Roughly half of the 45 million tonnes of fibre consumed annually in the world are now made from synthetic polymers.
While the tonnage of man-made cellulosics sold into European nonwovens has held remarkably constant for 30 or more years, viscose rayon has participated hardly at all in the massive growth of the industry and its market share is now a tenth of the 1970 figure.
Viscose rayon staple fibres were, in 1966, the cheapest man-made fibre. Now they are around twice the price of the main synthetics without the ability to be easily spun-laid or thermally bonded. At a time when the premium obtainable for biodegradability is almost non-existent, they are currently out of contention as a source of economic biodegradable coverstock.
We therefore need to examine the potential of new routes to biodegradable nonwovens and will do this in two parts. We will start by reviewing recent developments in biodegradable synthetic fibres and then return to look at new routes to cellulosic nonwovens that may be capable of yielding major cost savings.
Biodegradation of fibres occurs when their constituent polymers are depolymerised, usually by the action of enzymes secreted by microorganisms. These enzymes act by hydrolysing or oxidising the polymer, and can work on the ends of the chains (exo-enzymes) or randomly along their length (endo-enzymes). To do its work, the enzyme has to be able to bond to the fibre and gain access to sites capable of being oxidised or hydrolysed. The most biodegradable fibres therefore tend to be hydrophilic, and made up of short, flexible chains with low levels of crystallisation. They will often have chain backbones with oxygen or nitrogen links and/or pendant groups containing oxygen or nitrogen atoms. This description clearly fits most natural fibres and fibres made of natural polymers.

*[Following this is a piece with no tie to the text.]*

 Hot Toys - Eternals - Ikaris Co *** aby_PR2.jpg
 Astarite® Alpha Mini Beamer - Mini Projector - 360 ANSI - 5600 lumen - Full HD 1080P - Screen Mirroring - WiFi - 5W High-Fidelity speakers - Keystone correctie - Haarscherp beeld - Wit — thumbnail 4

Biodegradation-resistant polymers have the opposite characteristics and unsurprisingly are used to make the stronger more durable fibres. Oxygen-free polymers such as polypropylene and polyethylene resist biodegradation totally.
Polyester (i.e. the aromatic polyethylene terephthalate), despite its oxygen content is degradation resistant probably because it has rigid, rod-like chains. The same is true for polyamides despite their nitrogen content.
Unlike the aromatics, aliphatic polyesters are generally biodegradable. More than a hundred species of bacteria are known to synthesise and store aliphatic polyesters for future use as an energy source. While being naturally biodegradable, these polyesters are also thermoplastic and capable of being extracted and formed into films and fibres like any other polyester.
Man-made biodegradable aliphatic polyesters are however still based mainly on the industrial polymerisation of monomers such as glycolic acid (PGA), lactic acid (PLA), butyric acid (PHB), valeric acid (PHV) and caprolactone (PCL). These (Fig. 1) and their copolymers have already found application in implants, absorbable sutures, controlled release packaging and degradable films and mouldings 1.
Fig. 1. Biodegradable aliphatic polyesters
Thanks to massive investment announced this year by Cargill Dow LLC, the PLA variety currently look most likely to meet our requirement for a low cost biodegradable coverstock.
Polylactic Acid Fibres
Polylactic acid was first made in 1932 by Carothers, who developed a process involving the direct condensation polymerisation of lactic acid in solvents under high vacuum. He abandoned the polymer as too low in melting point for fibres and textiles and went on to develop nylon.
More recently PLA was developed as an alternative binder for cellulosic nonwovens because of its easy hydrolytic degradability compared with polyvinyl acetate or ethylene-acrylic acid copolymers .
Spunlaid and meltblown nonwovens based on PLA were researched at the University of Tennessee Knoxville in 1993 (3).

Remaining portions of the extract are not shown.